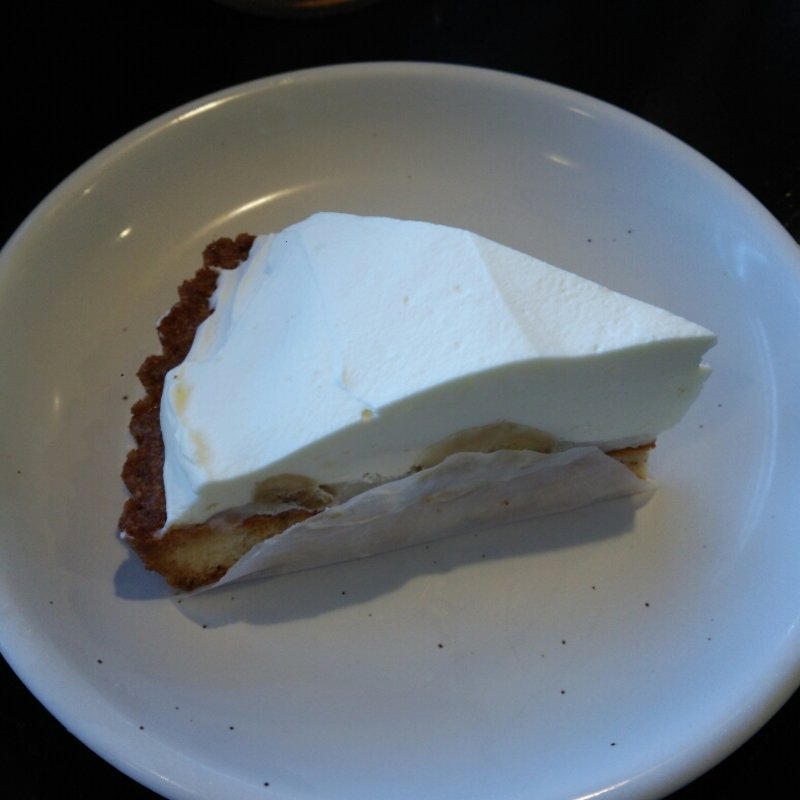 アーモンドミルク＆バナナタルト(Central Park Cafe)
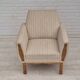 1970s, Danish lounge chair, furniture wool, oak wood, original condition.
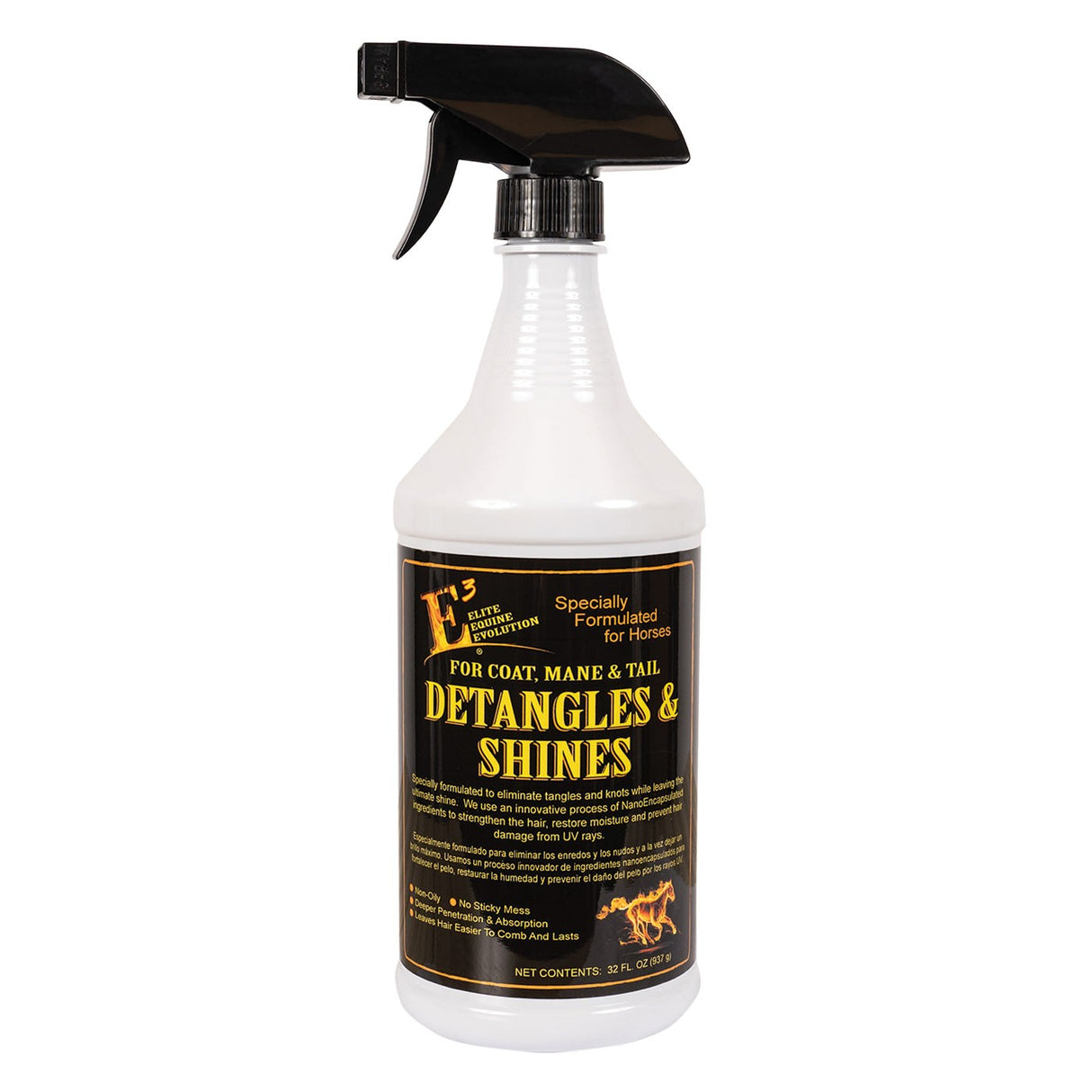 E3 Elite Equine Detangler & Shine 32 oz.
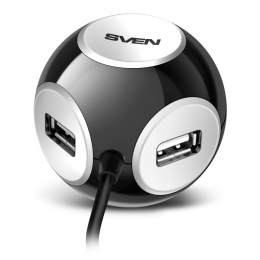 Фото USB HUB HB-444 черный SVEN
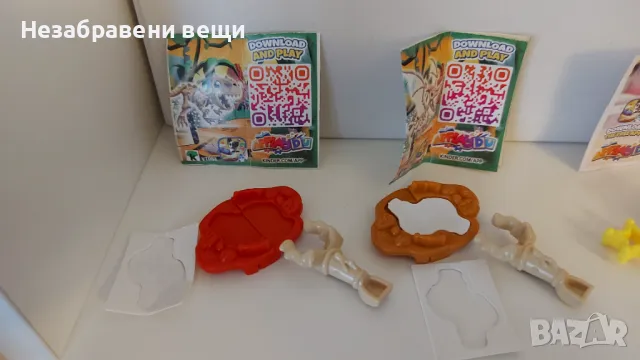 Двойни серии и единични играчки от Киндер, Kinder, снимка 13 - Колекции - 49699354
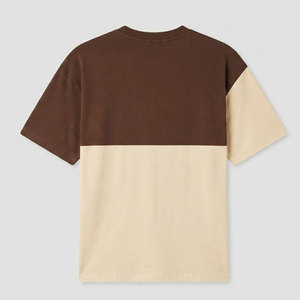 Camiseta Moderna para Hombre, Corte Cuadrado, Algodón de Alta Densidad, Ajuste Relajado, Tela Gruesa, Estilo Casual Urbano - Product Image 6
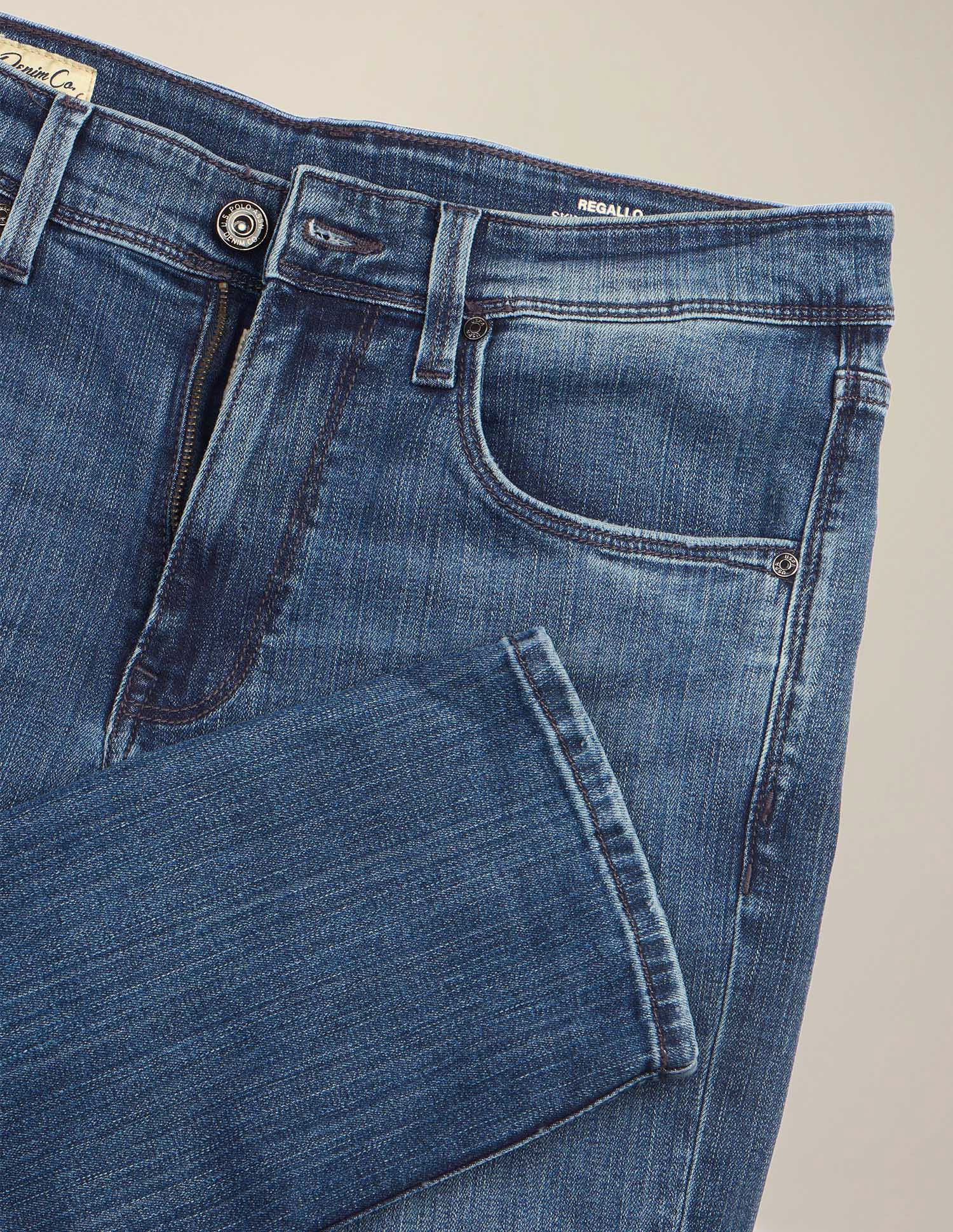 Regallo Skinny Fit Blue Jeans Blue - U.S. Polo Assn. India | Large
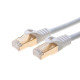 Cat7 White SFTP Ethernet Patch Cord Copper LAN Network Cable 6ft- 20ft LOT Cat7 White SFTP Ethernet Patch Cord Copper LAN Network Cable 6ft- 20ft LOT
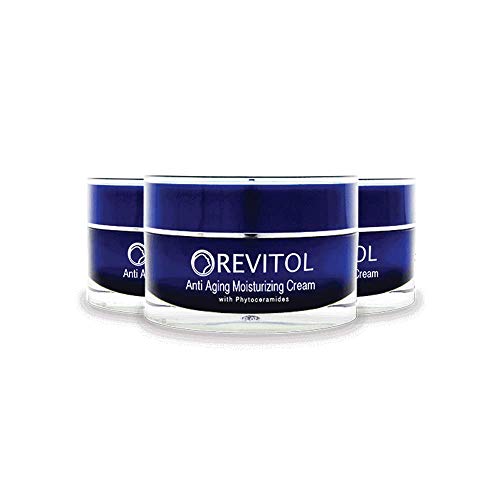 Revitol Anti-Aging Skin Cream Moisturizer - Moisturizing Lotion with Phytoceramides, Natural Ceramides, Argiline, Shea Butter, and Primrose Oil - 3 Pack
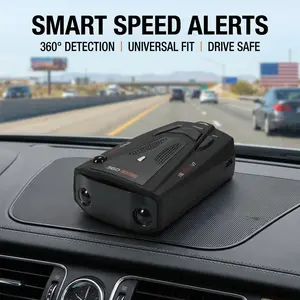 Radar-Free Auto Speedometer, Discreet Compact Automotive Electronic Accessory, Adhesive Installation, Speed Tracking, Non-Monitoring, No Digital Display, Universal Fit for Most Cars, US Driver-Favorite Car Accessory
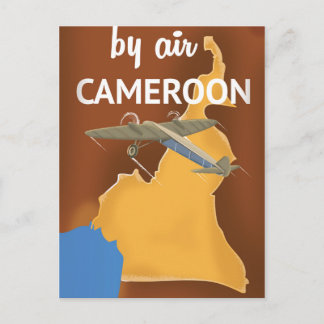 Cameroon Vintage Travel poster Postcard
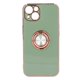 thumbnail image 1 of Funda para teléfono móvil para iPhone 13 con soporte de anillo chapado en brillo de oro rosa, funda protectora para teléfono de TPU flexible ultrafina, 1 of 8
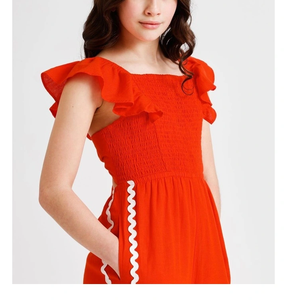 Robe d'été en coton pour filles avec un design moderne et mignon, matière respirante et confort facile pour les jeux et les activités de plein air - Product Image 2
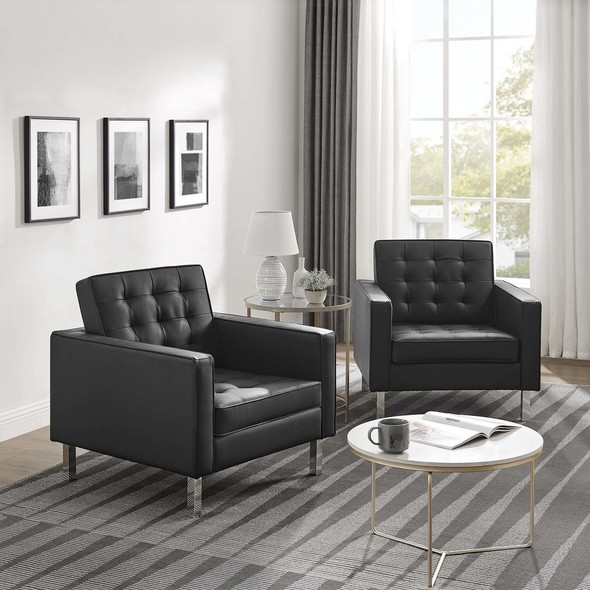 accent swivel chairs for living room Modway Furniture Sofas and Armchairs Chairs Silver Black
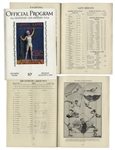 Olympics Program for the 1932 Summer Games in Los Angeles -- Program for 5 August 1932 Events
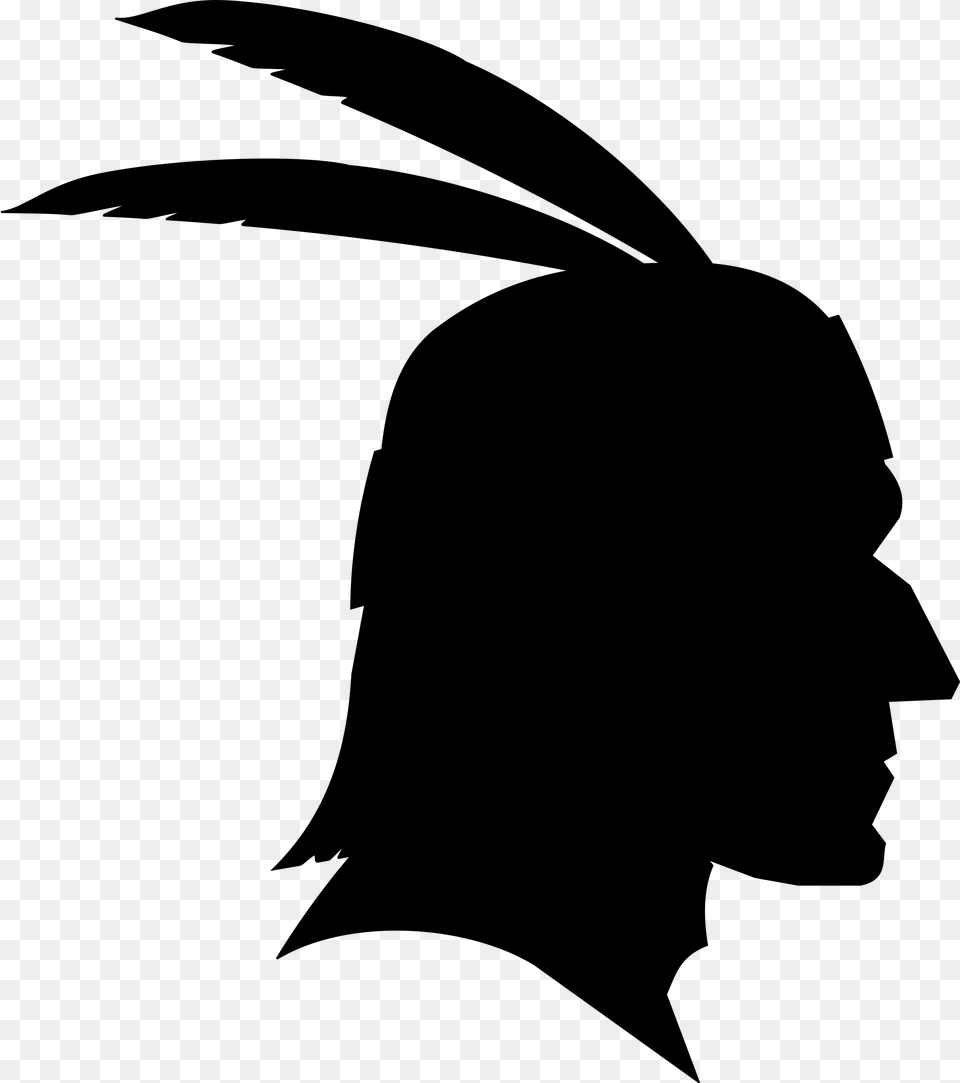 Silhouette Thanksgiving At Getdrawings Native American, Gray Free Transparent Png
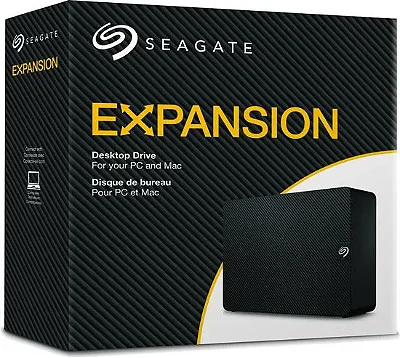 HD Externo Seagate Expansion Desktop 8TB USB 3.0 Preto-STKP8000400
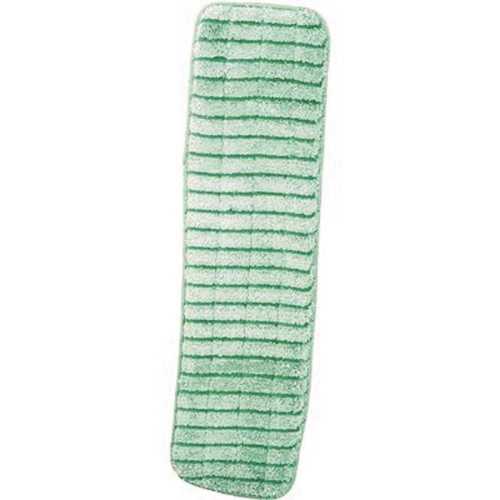 18 in. Green Scrubbing Microfiber Flat Mop Pad - pack of 3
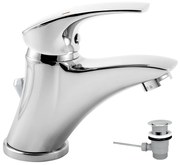 Novaservis Metalia 57, umývadlová batéria s odtokovou zátkou s tiahlom, chrómová, 57001,0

..........

■ YOUR TASK
Copy everything above from the line holding "accent swivel chairs" down to the line holding "Silhouette Thanksgiving At", both ends included, exactly as it stands and without the pictures.

■ FINISHED TASK
 accent swivel chairs for living room Modway Furniture Sofas and Armchairs Chairs Silver Black
 Olympics Program for the 1932 Summer Games in Los Angeles -- Program for 5 August 1932 Events
 Silhouette Thanksgiving At Getdrawings Native American, Gray Free Transparent Png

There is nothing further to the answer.